What Is CPOE? - Grading a Quarterback's Accuracy on a Curve
I always appreciated teachers who graded on a curve.
To be clear, I was (mostly) a good student throughout college. UC’s library and a small conference room on the main floor of Baldwin Hall were frequent spots for my friends and me to study. I worked to get high marks on every exam. But a few curveball problems kept me from meeting my expectations. However, by adjusting my score based on the performance of my peers, I was never too far off the mark.
Completion percentage over expected (CPOE) works similarly.
A throw can have one of three immediate outcomes (caught, dropped, or intercepted). They’re simple to track and compare over time. Yet, each lacks context. We don’t know if the pass was short or attempted on third down. By the basic numbers, all attempts are the same. But we know that’s not the case.
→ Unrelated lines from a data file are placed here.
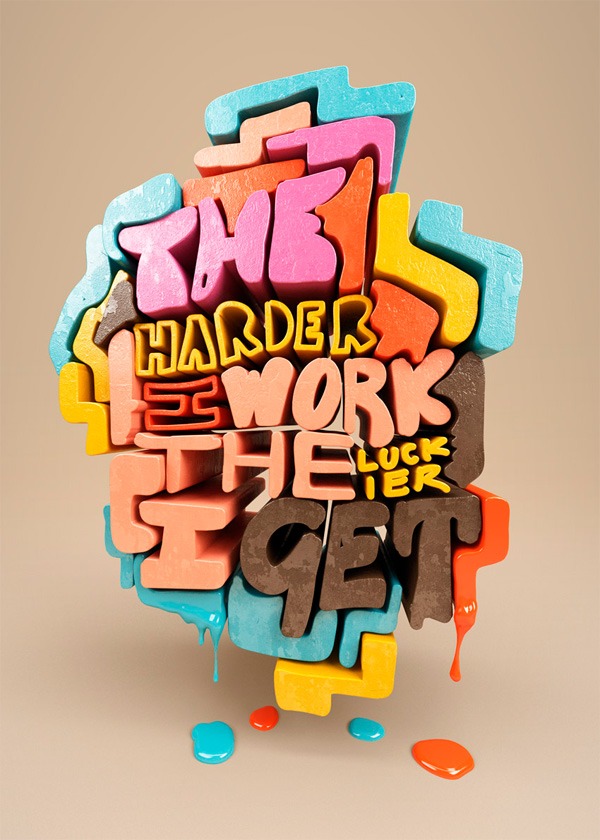 3d typography 02chrislabrooyquotes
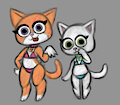Super 'Bikini' Kitties (by Whirchi)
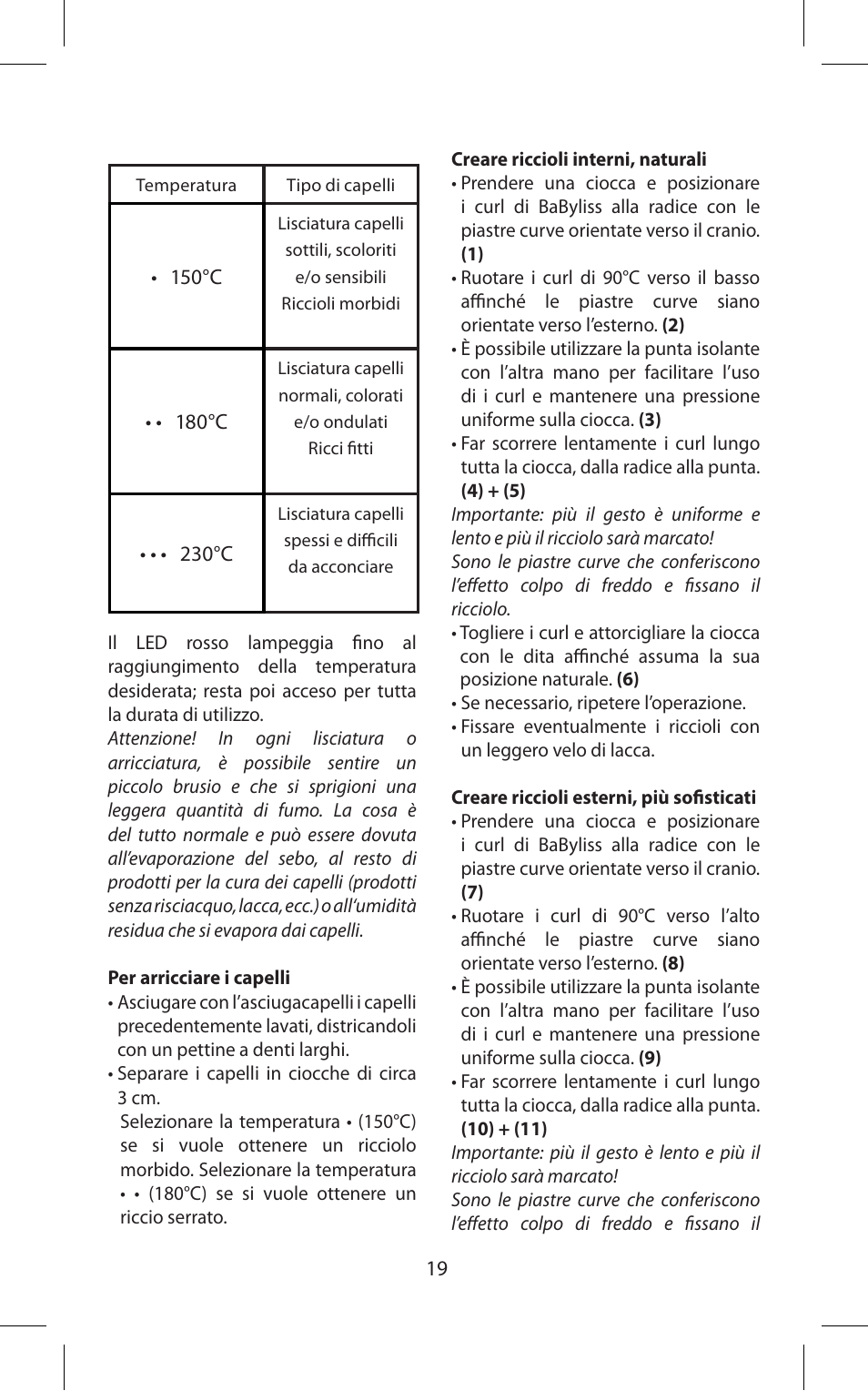 Babyliss ST70E iPro 230 iCurl User Manual | Page 19 / 58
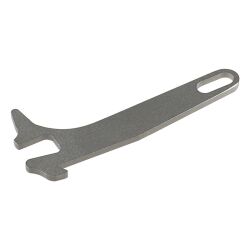 SLONG Airsoft CNCステンレス ボルトストッププレート V2タイプ Silver (東京マルイMWS適合)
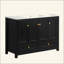 Meuble-lavabo pour salle de bain avec lavabo en résine, armoire de rangement abondante - 4 portes à fermeture douce et 2 tiroirs-653568359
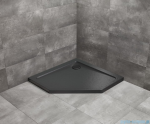 Radaway Doros Pt Stone brodzik pięciokątny 80x80x5cm czarny SDRPT8080-01-54S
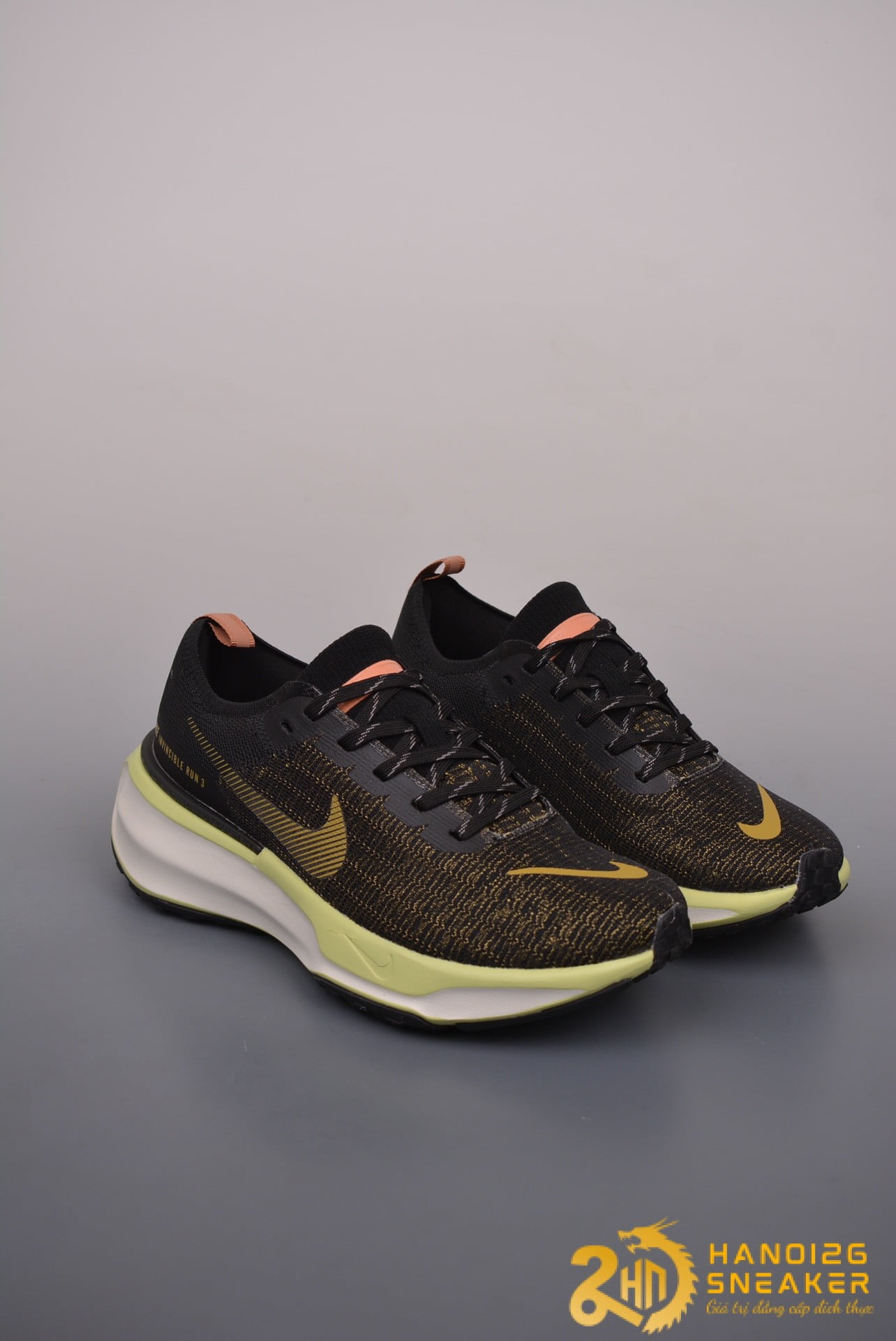 Giày Nike Zoom Invincible 3 Black Amber Brown (1)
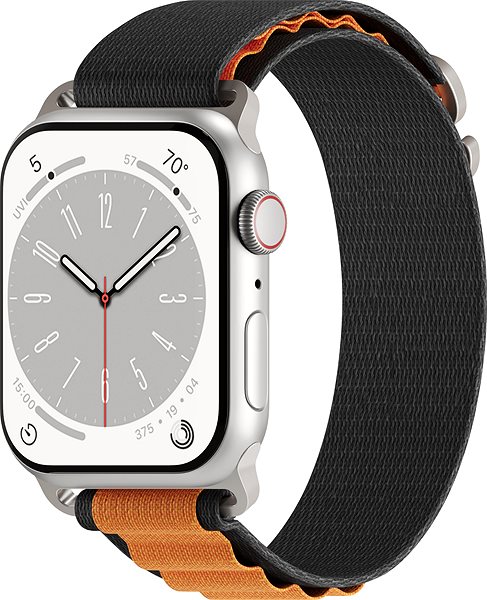 Armband Next One Adventure Loop for Apple Watch 45/49mm - Black/Orange ...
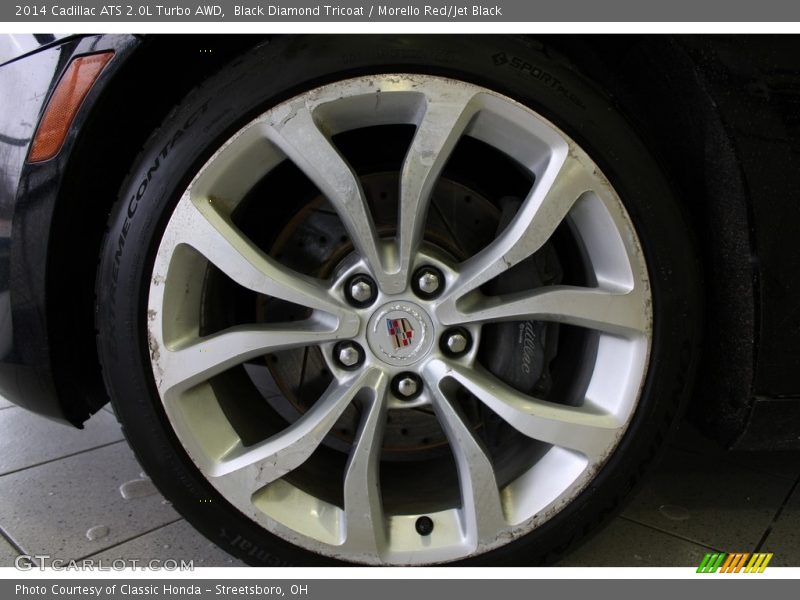 Black Diamond Tricoat / Morello Red/Jet Black 2014 Cadillac ATS 2.0L Turbo AWD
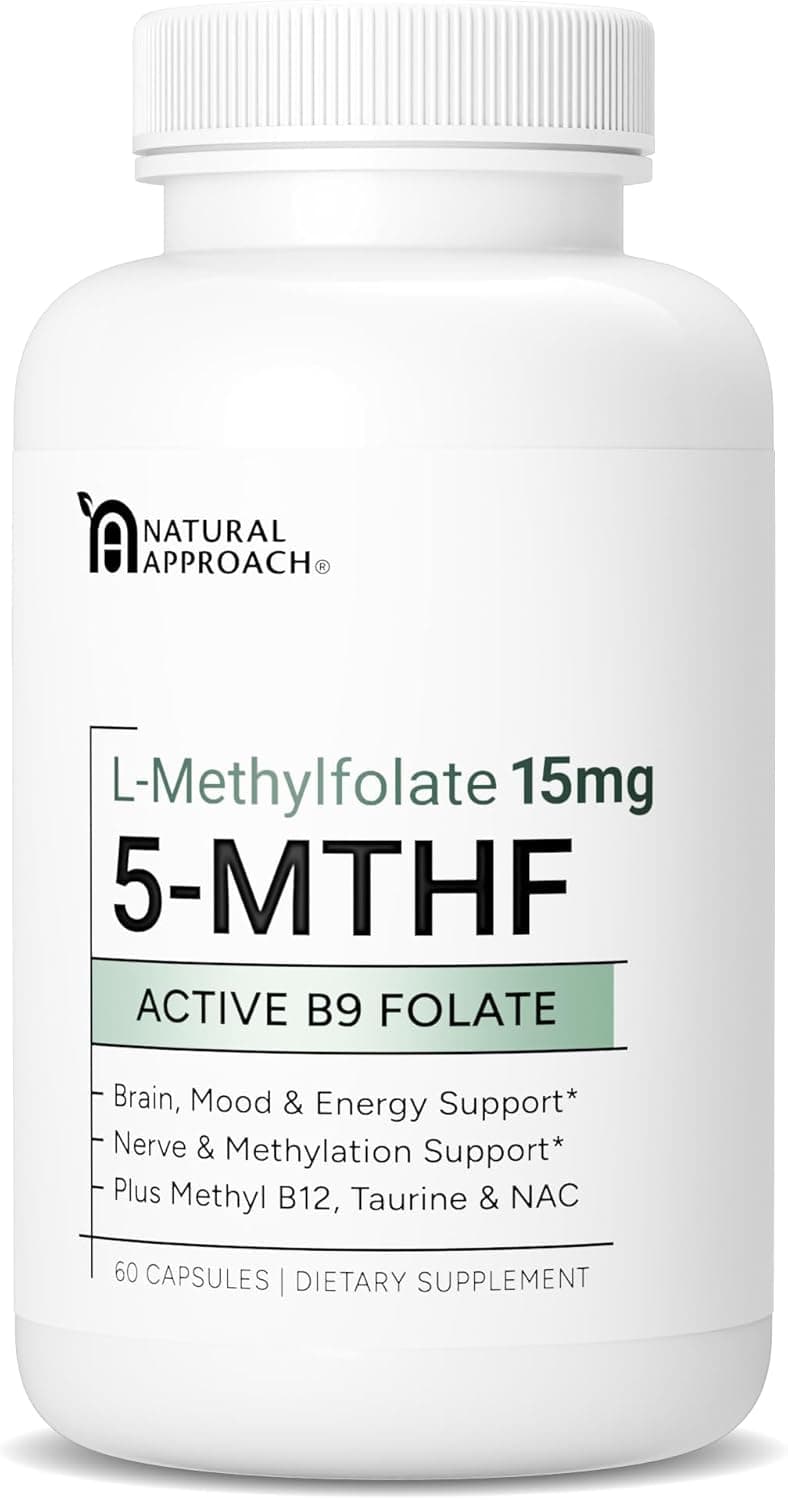 L-Methylfolate 15mg | 5-MTHF (Active B9) with Methyl B12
So, by applying in-game factors, we can also start to grade a QB’s accuracy on a curve.
The Definition of CPOE
“CPOE measures a QB’s completion percentage relative to the types of throws they make.”
Subjectively, most people should be able to get behind this idea. It’s the genesis of armchair quarterbacking. I’ll use Peyton Manning as a (derogatory) example.
First off, Steven Ruiz’s step-by-step analysis is on point. Manning’s real-time processing gave him an edge after his arm couldn’t. But I can hear the casual fans already.
“Well, I could do that.”
Sure! Most could complete a three-air-yard pass to a receiver without a defender within five yards of them. Let’s forget about Tyrone Crawford bursting past Ben Powers inside two seconds after the snap, forcing Manning to shuffle up in the pocket. Elijah Wilkinson wasn’t going to hold up much longer in protection, either. The point is, though, that we inherently assign difficulty based on depth.
We’d expect any QB to complete that throw. Yes, I countered the theoretical reductive criticism with trench warfare. But outside of an inaccurate attempt, there weren’t any factors limiting a completed pass. It was a (relatively) easy throw. However, if a QB looks farther downfield, they’re turning up the degree of difficulty.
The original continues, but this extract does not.